Terug
Gepubliceerd op 12/06/2023

2023_CBS_03924 - Meerjarenplan 2020-2025 - Versneld inschrijven middelen in afwachting van de zevende aanpassing van het meerjarenplan - Goedkeuring

college van burgemeester en schepenen
vr 09/06/2023 - 09:00 Stadhuis
Goedgekeurd

Samenstelling

Aanwezig

Bart De Wever, burgemeester; Koen Kennis, schepen; Jinnih Beels, schepen; Nabilla Ait Daoud, schepen; Karim Bachar, schepen; Peter Wouters, schepen; Elisabeth van Doesburg, schepen; Erica Caluwaerts, schepen; Tom Meeuws, schepen; Sven Cauwelier, algemeen directeur

Verontschuldigd

Annick De Ridder, schepen

Secretaris

Sven Cauwelier, algemeen directeur

Voorzitter

Bart De Wever, burgemeester
2023_CBS_03924 - Meerjarenplan 2020-2025 - Versneld inschrijven middelen in afwachting van de zevende aanpassing van het meerjarenplan - Goedkeuring 2023_CBS_03924 - Meerjarenplan 2020-2025 - Versneld inschrijven middelen in afwachting van de zevende aanpassing van het meerjarenplan - Goedkeuring

Motivering

Aanleiding en context

Op het college van 20 januari 2023 (jaarnummer 377) werd de timing voor de zevende aanpassing van het meerjarenplan goedgekeurd. Gewoonlijk voert de stad 2 aanpassingen meerjarenplan per jaar uit, één in het voorjaar en één in het najaar. De impact van de cyber-aanval vereist een bijstelling van deze aanpak. In 2023 gebeurt er daarom enkel in het najaar een aanpassing van het meerjarenplan.

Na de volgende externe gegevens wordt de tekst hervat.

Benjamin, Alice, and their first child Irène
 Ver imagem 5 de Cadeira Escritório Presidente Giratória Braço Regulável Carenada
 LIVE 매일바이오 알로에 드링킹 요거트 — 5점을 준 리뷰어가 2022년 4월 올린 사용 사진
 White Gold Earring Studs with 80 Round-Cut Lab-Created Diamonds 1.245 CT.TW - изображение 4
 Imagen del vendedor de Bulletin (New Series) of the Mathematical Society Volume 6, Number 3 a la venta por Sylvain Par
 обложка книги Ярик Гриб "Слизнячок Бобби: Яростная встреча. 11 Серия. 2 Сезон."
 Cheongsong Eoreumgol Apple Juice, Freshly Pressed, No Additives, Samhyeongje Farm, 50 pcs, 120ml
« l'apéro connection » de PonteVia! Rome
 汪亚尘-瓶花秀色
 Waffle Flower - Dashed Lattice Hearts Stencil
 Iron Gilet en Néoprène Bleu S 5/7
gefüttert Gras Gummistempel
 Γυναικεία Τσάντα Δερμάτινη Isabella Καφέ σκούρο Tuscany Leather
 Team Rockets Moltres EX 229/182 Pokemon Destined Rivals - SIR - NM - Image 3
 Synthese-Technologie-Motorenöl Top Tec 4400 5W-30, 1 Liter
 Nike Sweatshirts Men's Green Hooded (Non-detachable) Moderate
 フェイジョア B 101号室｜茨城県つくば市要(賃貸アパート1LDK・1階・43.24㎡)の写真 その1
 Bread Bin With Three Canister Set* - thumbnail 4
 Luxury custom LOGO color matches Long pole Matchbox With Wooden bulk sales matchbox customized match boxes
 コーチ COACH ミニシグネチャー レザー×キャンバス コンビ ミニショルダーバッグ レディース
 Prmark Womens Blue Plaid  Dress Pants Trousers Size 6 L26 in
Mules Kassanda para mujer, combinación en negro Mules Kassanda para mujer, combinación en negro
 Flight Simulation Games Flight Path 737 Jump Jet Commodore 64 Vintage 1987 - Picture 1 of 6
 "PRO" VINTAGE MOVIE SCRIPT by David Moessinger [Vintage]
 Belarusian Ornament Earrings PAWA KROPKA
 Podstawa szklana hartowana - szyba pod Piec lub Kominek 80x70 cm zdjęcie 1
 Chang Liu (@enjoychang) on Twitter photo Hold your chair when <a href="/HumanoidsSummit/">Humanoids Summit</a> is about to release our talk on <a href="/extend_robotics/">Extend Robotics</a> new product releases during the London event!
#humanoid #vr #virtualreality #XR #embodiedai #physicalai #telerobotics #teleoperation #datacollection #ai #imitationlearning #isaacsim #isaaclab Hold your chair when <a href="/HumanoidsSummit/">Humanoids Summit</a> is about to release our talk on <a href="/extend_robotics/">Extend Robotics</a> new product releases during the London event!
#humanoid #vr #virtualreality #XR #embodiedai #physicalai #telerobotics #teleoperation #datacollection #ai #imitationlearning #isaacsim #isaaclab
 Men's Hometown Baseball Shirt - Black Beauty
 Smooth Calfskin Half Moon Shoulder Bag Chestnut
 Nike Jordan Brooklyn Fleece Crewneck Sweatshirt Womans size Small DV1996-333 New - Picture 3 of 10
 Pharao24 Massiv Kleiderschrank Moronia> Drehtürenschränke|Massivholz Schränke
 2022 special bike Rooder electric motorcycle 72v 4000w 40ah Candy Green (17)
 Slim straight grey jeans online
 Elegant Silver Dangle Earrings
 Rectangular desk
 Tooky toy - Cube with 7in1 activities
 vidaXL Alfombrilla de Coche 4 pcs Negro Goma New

In afwachting van de aanpassing van het meerjarenplan kunnen de nodige budgettaire verschuivingen maximaal uitgevoerd worden door middel van interne kredietaanpassingen light. In voorliggend collegebesluit gaat het om specifieke budgettaire dossiers die in afwachting van de zevende aanpassing van het meerjarenplan reeds extra actie vereisen.

Gelijkaardige besluiten werden goedgekeurd op het college van 24 februari 2023 (jaarnummer 1078) , 10 maart 2023 (jaarnummer 1429) en 31 maart 2023 (jaarnummer 1967), 21 april 2023 (jaarnummer 2556), 2 juni 2023 (jaarnummer 3683) en op het vast bureau van 5 mei 2023 (jaarnummer 105). 

Juridische grond

Artikel 13 van het Besluit van de Vlaamse regering betreffende de beleids- en beheerscyclus van 26 juni 2018:
"De uitgavenkredieten zijn limitatief op het niveau van het totaal van de exploitatie en het totaal van de investeringen.
De kredieten mogen alleen gebruikt worden voor de bestemming die in het meerjarenplan wordt vooropgesteld."

Argumentatie

Voorstellen

1. Vlaamse subsidie e-Inclusie

Voor stad Antwerpen werd er in november 2022 3.633.512,00 EUR toegekend vanuit Vlaanderen voor in het kader van de subsidie 'Iedereen Digitaal - uitrol van een lokaal e-inclusiebeleid'. In eerdere besluiten van 24 februari 2023 (jaarnummer 1078) en 31 maart 2023 (jaarnummer 1967) werd al respectievelijk 835.976,59 EUR en 112.500,00 EUR versneld voorzien voor concrete projecten.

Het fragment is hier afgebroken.